Things get very interesting when Longisquama enters the picture. There is a lot of controversy here, so it's going to be hard to try and sum up. It is apparently an aboreal creature with what appear to be "feathers" coming up from the back. These "feathers" or modified scales may also have been used to glide. Problem is, this animal is from the Early Triassic, before birds or even dinosaurs. This animal is sometimes regarded as being an Avicephalan, but opinion varies. Some individuals consider this to be an archosaur (or archosauromorph), but others consider it to be an early...theropod dinosaur! And not only that, but it is also theorized to be ancestral to modern day birds!

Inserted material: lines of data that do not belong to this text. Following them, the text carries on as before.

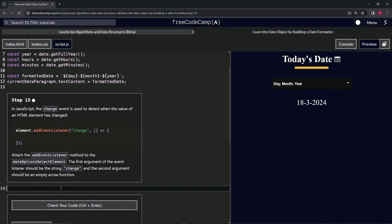We'll say dateOptionsSelectElement.addEventListener, and then we're going to have the change event.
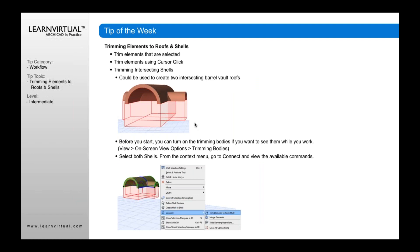The third lesson on our tip of the week is trimming intersecting shells. You would want to do this when two barrel vault roofs come together and you want to create a nice intersection between them. When I create a barrel vault and drag it through another barrel vault, those are two different barrel vaults. What we want is to trim out the intersecting part and have a nice opening, and vice versa.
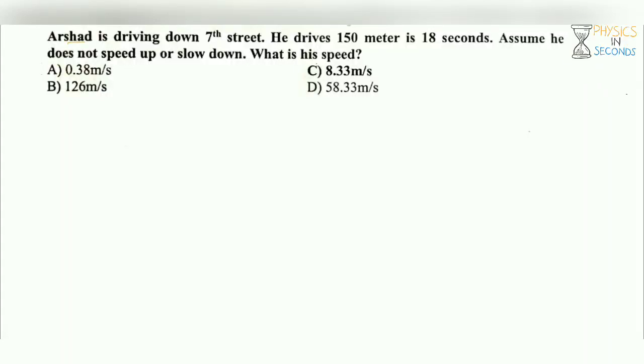Arshad is driving on 7th street. He drives 150 meters in 18 seconds. Assume he does not speed up or slow down. What is his speed?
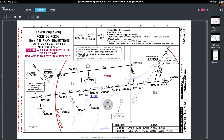If you want to start training for an RNAV approach, I would suggest first getting yourself charts. Without charts, you only know part of what you need to know about the approach. LPV stands for Localizer Performance with Vertical Guidance — in other words, it's a bit like an ILS. You get the same indications as if you were tuned into an ILS with a glide slope and a localizer, and you can follow that down to a decision point.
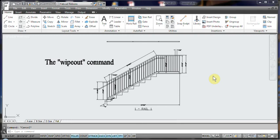Hi, this is Dave Phillippe with FabCAD. This is the first of a series of tutorials on production enhancement commands from FabCAD and AutoCAD. The first one we're going to talk about is the Wipeout command.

Of course, this creates a very interesting situation. Some then theorize that some animals regarded as bird-like dinosaurs are not dinosaurs at all but...flightless descendants of birds, which aren't dinosaurs. So basically, something like Velociraptor or maybe even Therizinosaurs aren't even really dinosaurs, but weirdo descendants from Longisquama. Things like Allosaurus are apparently still dinosaurs that converged upon them. Who knows what Tyrannosaurus, which is more bird-like than Allosaurus but not as bird-y as Velociraptor. I never heard of any clear cut off line, and I think this is the Achilles' heel of the theory. In all likelihood, the people that theorized this were...a little over-enthusiastic in turning all previous thought on its head. But that's how science gets stronger, all the possible theories get questioned and the strong one prevails. Tantalizing bizarre flightless pseudo-dinosaurs may be, it probably belongs in the realm of fiction. See here and here for extensive rebuttals, and Wikipedia for links to the major papers and a good summary.
Bird evolution is very interesting and quite complicated, even disregarding these Avicephalans. There are probably going to be a few more posts on this in the future...but I'm going to have to read up on it a lot before I can talk even somewhat coherently. Stupid reverse-birds and all. Well, more posts in the future, who knows on what.